It’s hard to believe that it’s already the middle of August as it seems like summer just started. With that said, this is the time of year when Canadians coast to coast begin to dust off their equipment bags, tape up their sticks and sharpen their skates for another exciting season of hockey.
One thing they also have had to do, increasingly every year, is save up their money and prepare their minds for the ugly price tag accompanying Canada’s national pastime. According to the study, “Beyond the Blue Line,” published by the Canadian Scholarship Trust, the cost of playing hockey can add up to as high as $8,000 for one year. While that measure is higher than other figures such as the $1,500 that RBC calculated in 2014, it’s still astronomically more expensive than other sports such as soccer, basketball and baseball per year.

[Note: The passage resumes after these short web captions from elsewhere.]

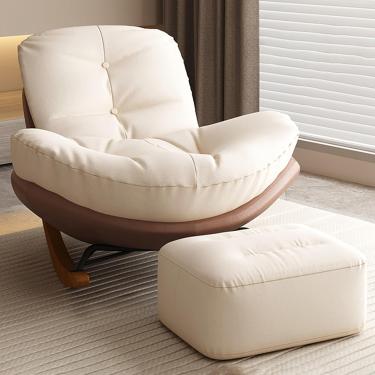 Imagem de Cadeira de balanço moderna com pernas de madeira maciça, cadeira de balanço sem braços Cadeira de balanço com destaque Assento acolchoado com encosto alto Poltrona Cadeira lateral confortáve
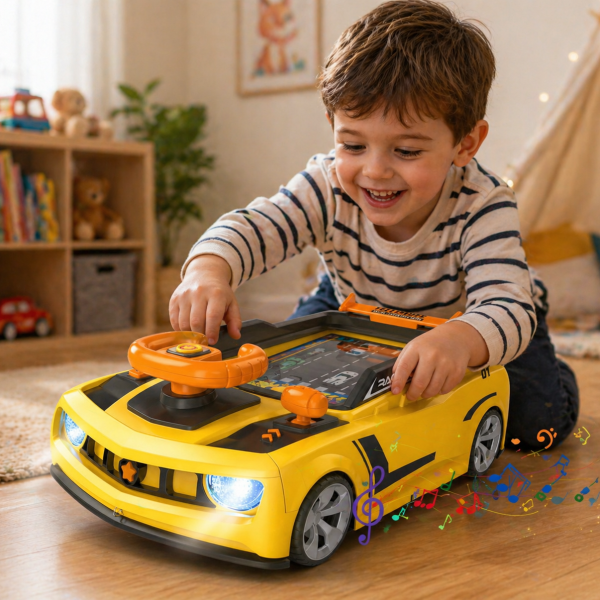Детский симулятор вождения / Игровой гоночный симулятор Adventure Racing Car  Желтый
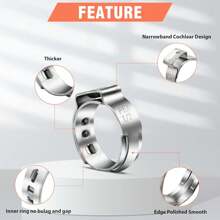 60pcs 1/2 Inch PEX Cinch Clamps Rings, 304 Stainless Steel Single Ear Hose Clamps, Pex Crimp Rings For PEX Tubing Pipe Fitting Connections
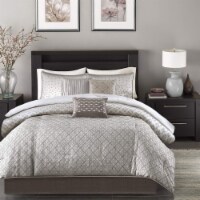 Madison Park MP10-1735 Biloxi Comforter Set Queen Silver,Queen
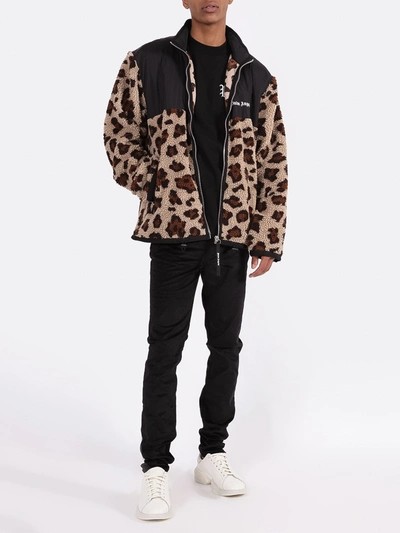 Palm Angels Fleece Leopard Jacket In Black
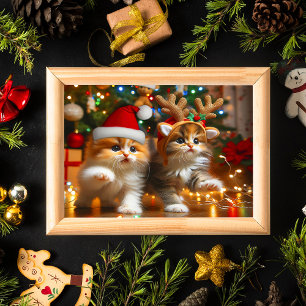 Kutkattungar med Jultomten och renhatt 1 Poster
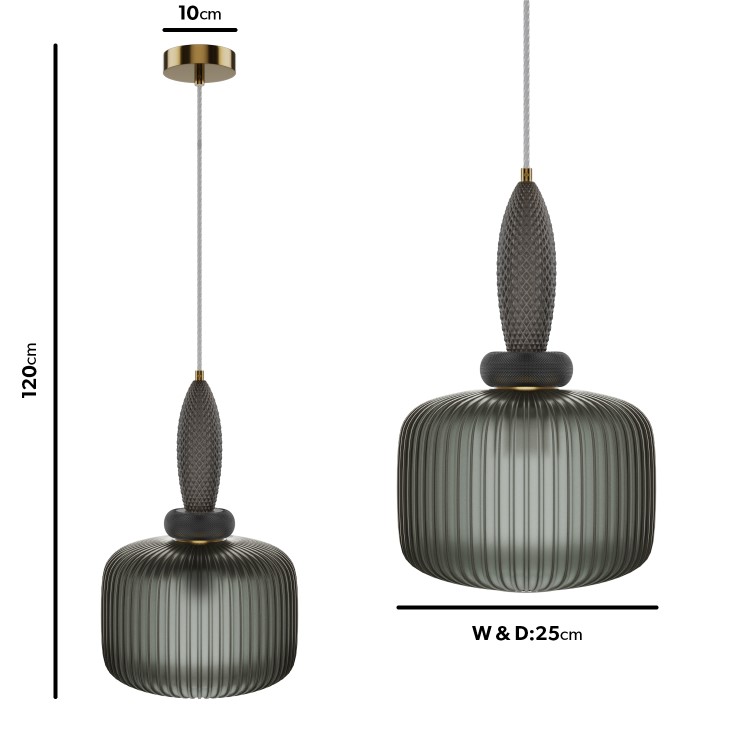 ONLY OPENED - Biella Dark Grey Ribbed Smoked Glass Pendant Ceiling Light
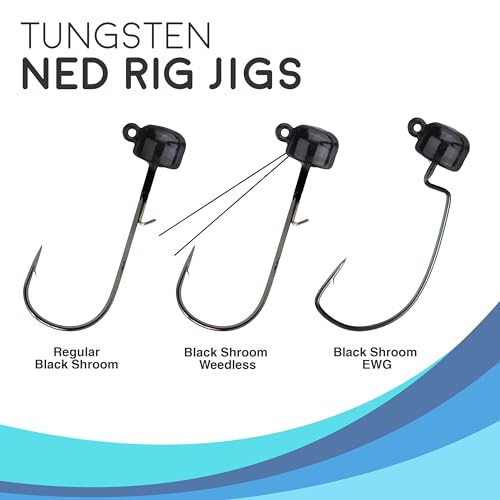 Image of Reaction Tackle Tungsten Mushroom Head Ned Rig Shroom Jig Heads (5-Pack)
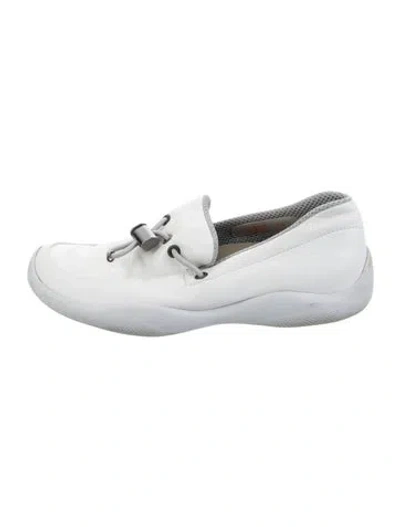 Pre-owned Prada Leather Loafer Sneakers In Neutral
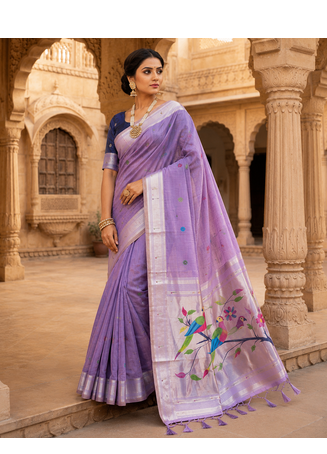 Lavender Meenakari Zari weawing Cotton Saree 1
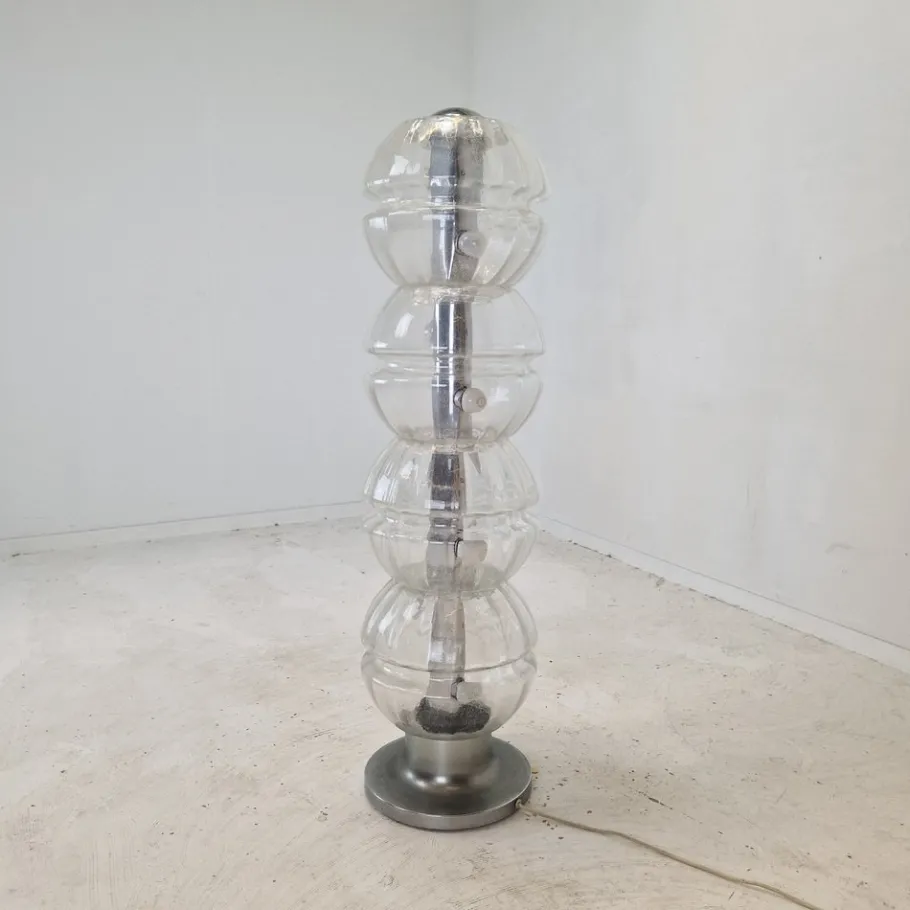 Best Pamono Italian Space Age Glass Floor Lamp, 1980s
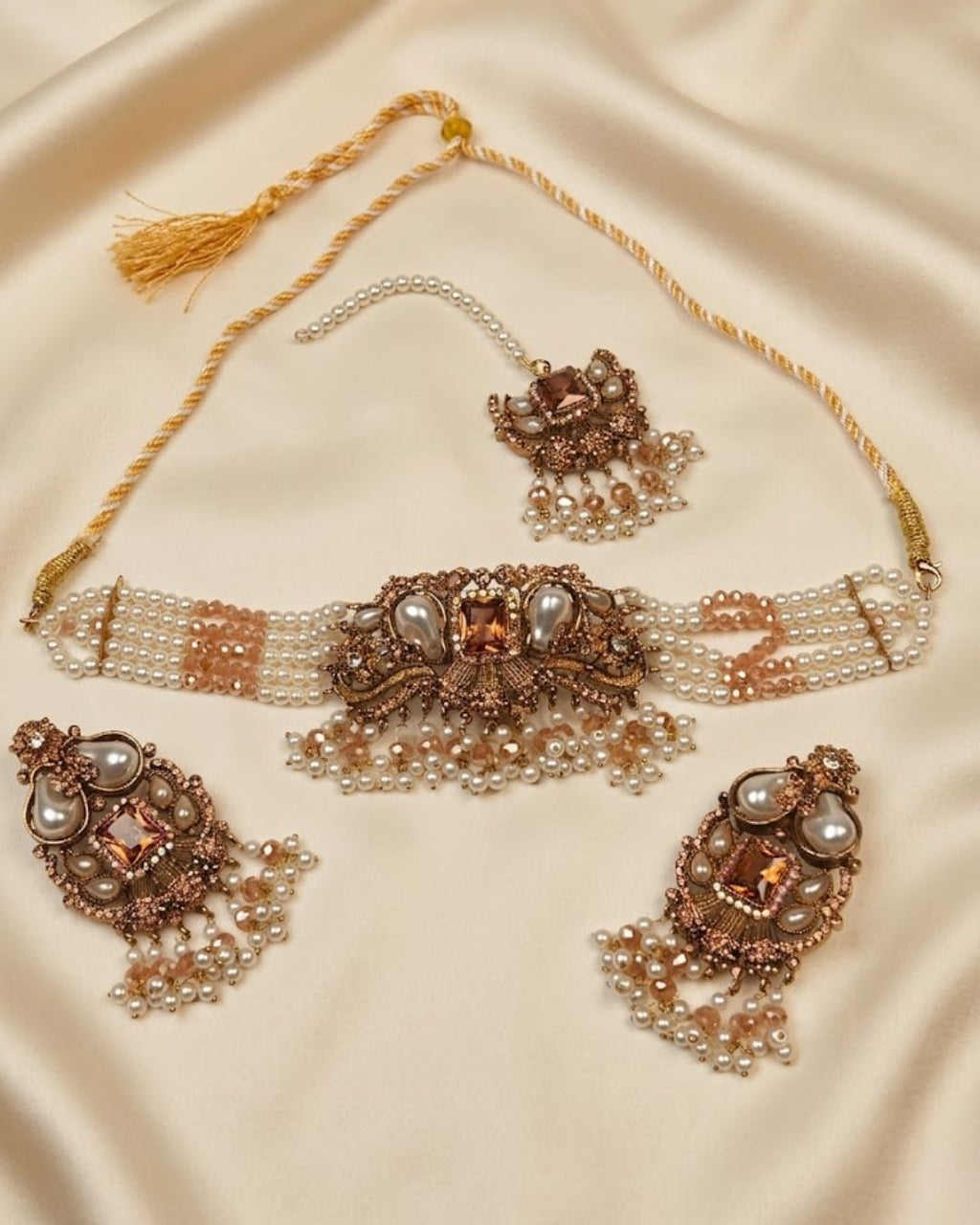 Pearl Beaded Square Stone Choker Set with Earrings & Tikka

In the same Canadian Scholarship Trust study, 66 per cent of Canadian parents indicated that they themselves have, or know someone that has, borrowed money or used their savings for extracurricular activities. It’s come to the point where parents have to ask themselves, is it really worth the sacrifice of signing my child up for a sport if it means no family trips or less savings in personal bank accounts for the future? That’s a large cost in exchange for waking up at 6 a.m. on Saturdays, drinking Tim’s coffee and sitting in sub-zero degree temperatures.
This, of course, is just about the idea of playing minor league hockey. It has next to nothing to do with the fees required of one’s family who is looking to make their son or daughter the next Sidney Crosby and Hayley Wickenheiser. Those costs multiply when you start incorporating the cost of the top equipment, team jackets and travelling to locations far from home, all in the hopes of finding a scout who will see your kid play and be impressed.
In recent history, this increase has without a doubt had a quantifiable effect on registration numbers across the country. In 2012, the ice began to thin as Hockey Canada experienced a decrease of over 200,000 participants with nearly twice as many Canadian children under the age of 14 playing soccer as hockey.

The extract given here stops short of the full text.